The Blues Brothers: Xmas Special
3 December 2015
Ladies and gentlemen the joint is jumpin’.
The Blues Brothers: Xmas Special has come to town bringing the soul back into Christmas at the Arts Theatre in London from the 4th December throughout the holiday period until 10th January. It’s been 5 years since the last time this production was in town and Blues Brothers’ fans from all over the country will be shouting ‘Hallelujah’.
Even those who are not die hard fans will appreciate this show. From the moment the band take their places until the final chord of the 2nd encore, the energy level generated by the performance is phenomenal. There were many references to the extensive history of Blues Brothers’ but not knowing all of that background information does little to distract from a programme of well known classics.
A highlight among many is ‘I’m a King Bee’. This quirky song epitomizes their style which is rooted in the music. With the richness of the band at the heart, backing vocals and excellent lead vocals sing quirky lyrics with panache. Whilst in this song, the Blues Brothers sport a bee costume and everyone dances up a storm.
The Brothers themselves are wonderful. David Kristopher-Brown sings the role of ‘Joliet’ Jake Blues and never misses a note. His brother in blues, Elwood, is played by Joshua Mumby, who also directed and is appearing in his West End debut. His performance is memorable for his versatility and physical prowess. Kristopher-Brown and Mumby have played these roles together at times since a production in the Lowry theatre in 2012 and a successful Edinburgh Fringe Festival season. Familiarity shows in a fine connection between the pair.
The award for versatility of character goes to Simon Ray-Harvey. He appears first as Ray with a dynamic rendition of the signature song ‘Shake Your Tail Feather’, sings and dances up a storm with ‘Minnie the Moocher’ as Curtis and also makes a wonderful reverend with the heavenly choir backing him. All of this and charisma as well.
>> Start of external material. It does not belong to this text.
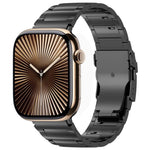 Cinturino per orologio in lega di titanio con chiusura di sicurezza a sgancio rapido a forma di I, For Apple Watch 46mm / 49mm / 45mm / 44mm, For Apple Watch 42mm / 41mm / 40mm / 38mm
There are several opportunities in the show that move the Stass Sisters from the backline to the front and they are fabulous. ‘Think’ and ‘R-e-s-p-e-c-t’ both feature the winning vocals of T’Shan Williams and she sparkles in the spotlight. Other numbers that feature all the girls thankfully, because Hannah Kee and Sasi Strallen deserve to be heard as well. In a show where the dance element is so strong it was surprising that one of these numbers gets a little untidy when the ladies share a single standing microphone.
Of course the band is fundamental to the success of any production of this type. Maestro James Robert Ball leads from the keyboards where he proves himself a force and he has combined his band into a very effective unit. All instruments are featured in solos and Wesley Frankel on the saxophone deserves special mention.
There are few negatives in the show. There were times when the sound wasn’t supporting the performances to maximum effect. Some instruments were lost in the mix, some of the backing vocals were unbalanced and some solo sections were picked up late. There is time for these minor inconsistencies to be fixed. The lighting on the other hand was well designed and executed.
This is a Xmas Special that doesn’t hammer home the same old Christmas songs ad nauseam. Instead it gives Blues Brothers enthusiasts plenty of the music they know and love and rounds out the show with a treatment of a smattering of Christmas songs in their own inimitable style.
See this show in a mood to get carried away in the moment and joy of the phenomenon that is The Blues Brothers.